The records below are to be duplicated exactly as they appear.

---------- Extracted information

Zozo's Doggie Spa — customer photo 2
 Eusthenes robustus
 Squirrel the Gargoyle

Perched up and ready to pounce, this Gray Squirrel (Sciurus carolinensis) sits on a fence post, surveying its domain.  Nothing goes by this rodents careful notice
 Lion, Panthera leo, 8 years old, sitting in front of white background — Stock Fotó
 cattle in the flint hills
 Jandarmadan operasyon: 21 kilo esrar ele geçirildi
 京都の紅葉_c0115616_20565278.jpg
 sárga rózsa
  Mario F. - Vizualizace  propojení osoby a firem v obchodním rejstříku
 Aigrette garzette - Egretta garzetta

--------------------

▶ [Result]:
Zozo's Doggie Spa — customer photo 2
 Eusthenes robustus
 Squirrel the Gargoyle

Perched up and ready to pounce, this Gray Squirrel (Sciurus carolinensis) sits on a fence post, surveying its domain.  Nothing goes by this rodents careful notice
 Lion, Panthera leo, 8 years old, sitting in front of white background — Stock Fotó
 cattle in the flint hills
 Jandarmadan operasyon: 21 kilo esrar ele geçirildi
 京都の紅葉_c0115616_20565278.jpg
 sárga rózsa
  Mario F. - Vizualizace  propojení osoby a firem v obchodním rejstříku
 Aigrette garzette - Egretta garzetta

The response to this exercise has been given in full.